Please copy out every line of the data word for word.

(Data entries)

- - -

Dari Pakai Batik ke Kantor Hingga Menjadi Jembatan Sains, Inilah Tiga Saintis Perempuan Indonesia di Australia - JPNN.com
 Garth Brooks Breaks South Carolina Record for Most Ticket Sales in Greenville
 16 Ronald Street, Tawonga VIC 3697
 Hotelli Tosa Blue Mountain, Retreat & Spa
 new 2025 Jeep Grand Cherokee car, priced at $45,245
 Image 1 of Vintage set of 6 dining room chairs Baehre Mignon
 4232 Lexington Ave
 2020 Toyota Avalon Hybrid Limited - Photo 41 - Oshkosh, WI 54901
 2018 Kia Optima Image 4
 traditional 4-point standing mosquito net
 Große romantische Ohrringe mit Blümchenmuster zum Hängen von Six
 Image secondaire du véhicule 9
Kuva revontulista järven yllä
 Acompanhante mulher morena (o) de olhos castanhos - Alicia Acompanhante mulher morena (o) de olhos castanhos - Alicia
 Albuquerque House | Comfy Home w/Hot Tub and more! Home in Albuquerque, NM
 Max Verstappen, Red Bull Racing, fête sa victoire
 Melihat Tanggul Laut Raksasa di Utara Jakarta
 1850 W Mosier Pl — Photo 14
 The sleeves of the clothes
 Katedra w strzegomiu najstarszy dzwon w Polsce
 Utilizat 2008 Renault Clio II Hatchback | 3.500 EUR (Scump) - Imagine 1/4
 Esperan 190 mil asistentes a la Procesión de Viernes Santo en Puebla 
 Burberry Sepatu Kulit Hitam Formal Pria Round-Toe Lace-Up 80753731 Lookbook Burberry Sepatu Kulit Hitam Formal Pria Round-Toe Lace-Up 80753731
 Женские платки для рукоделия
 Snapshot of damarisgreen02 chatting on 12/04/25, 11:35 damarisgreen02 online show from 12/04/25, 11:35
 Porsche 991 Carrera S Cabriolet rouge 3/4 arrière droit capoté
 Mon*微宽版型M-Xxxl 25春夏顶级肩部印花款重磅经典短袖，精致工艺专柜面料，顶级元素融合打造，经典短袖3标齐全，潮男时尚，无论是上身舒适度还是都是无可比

- - -

- Output -
Dari Pakai Batik ke Kantor Hingga Menjadi Jembatan Sains, Inilah Tiga Saintis Perempuan Indonesia di Australia - JPNN.com
 Garth Brooks Breaks South Carolina Record for Most Ticket Sales in Greenville
 16 Ronald Street, Tawonga VIC 3697
 Hotelli Tosa Blue Mountain, Retreat & Spa
 new 2025 Jeep Grand Cherokee car, priced at $45,245
 Image 1 of Vintage set of 6 dining room chairs Baehre Mignon
 4232 Lexington Ave
 2020 Toyota Avalon Hybrid Limited - Photo 41 - Oshkosh, WI 54901
 2018 Kia Optima Image 4
 traditional 4-point standing mosquito net
 Große romantische Ohrringe mit Blümchenmuster zum Hängen von Six
 Image secondaire du véhicule 9
Kuva revontulista järven yllä
 Acompanhante mulher morena (o) de olhos castanhos - Alicia Acompanhante mulher morena (o) de olhos castanhos - Alicia
 Albuquerque House | Comfy Home w/Hot Tub and more! Home in Albuquerque, NM
 Max Verstappen, Red Bull Racing, fête sa victoire
 Melihat Tanggul Laut Raksasa di Utara Jakarta
 1850 W Mosier Pl — Photo 14
 The sleeves of the clothes
 Katedra w strzegomiu najstarszy dzwon w Polsce
 Utilizat 2008 Renault Clio II Hatchback | 3.500 EUR (Scump) - Imagine 1/4
 Esperan 190 mil asistentes a la Procesión de Viernes Santo en Puebla 
 Burberry Sepatu Kulit Hitam Formal Pria Round-Toe Lace-Up 80753731 Lookbook Burberry Sepatu Kulit Hitam Formal Pria Round-Toe Lace-Up 80753731
 Женские платки для рукоделия
 Snapshot of damarisgreen02 chatting on 12/04/25, 11:35 damarisgreen02 online show from 12/04/25, 11:35
 Porsche 991 Carrera S Cabriolet rouge 3/4 arrière droit capoté
 Mon*微宽版型M-Xxxl 25春夏顶级肩部印花款重磅经典短袖，精致工艺专柜面料，顶级元素融合打造，经典短袖3标齐全，潮男时尚，无论是上身舒适度还是都是无可比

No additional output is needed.